**PROBLEM DETAILS**
Below are some records. Return exactly the lines from the one containing "Lexus NX, 2024" through the one containing "Mercedes-Benz EQE 2024", both included, and only those.

**EXTRACTED ENTRIES**
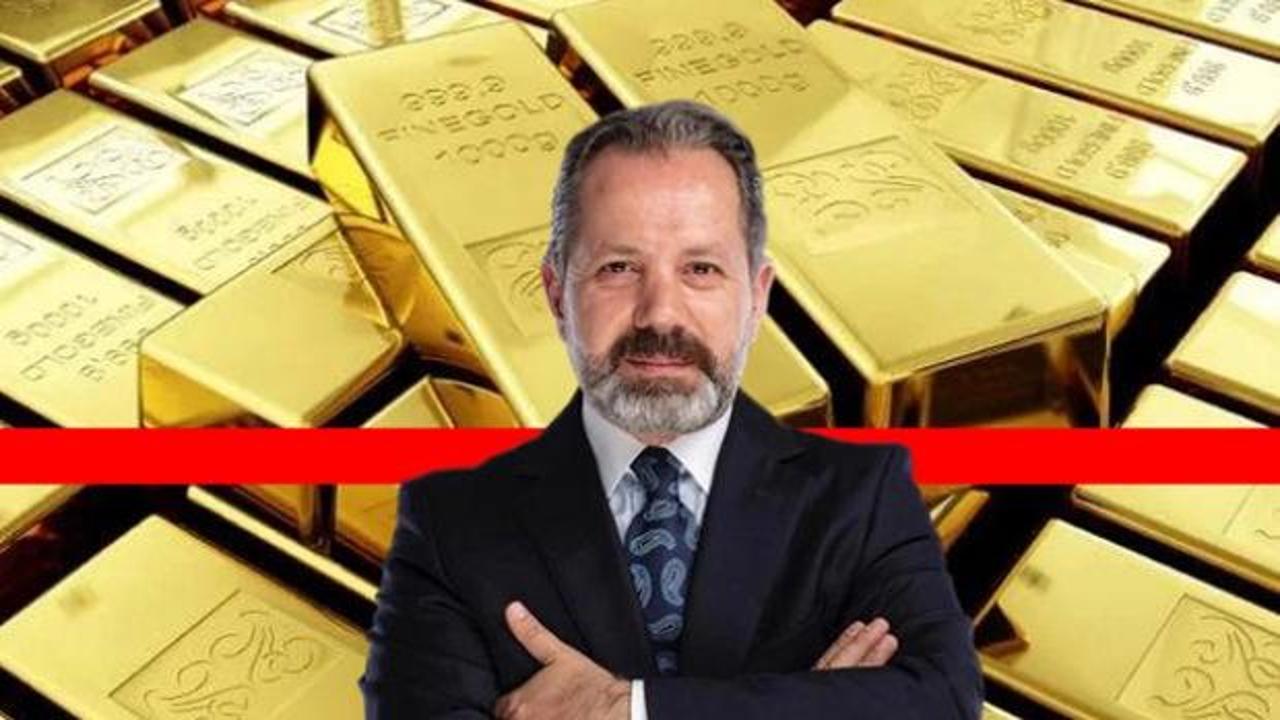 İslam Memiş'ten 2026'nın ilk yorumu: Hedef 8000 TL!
==
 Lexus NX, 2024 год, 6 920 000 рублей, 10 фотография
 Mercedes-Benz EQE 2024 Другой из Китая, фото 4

**EXERCISE RESULT**
 Lexus NX, 2024 год, 6 920 000 рублей, 10 фотография
 Mercedes-Benz EQE 2024 Другой из Китая, фото 4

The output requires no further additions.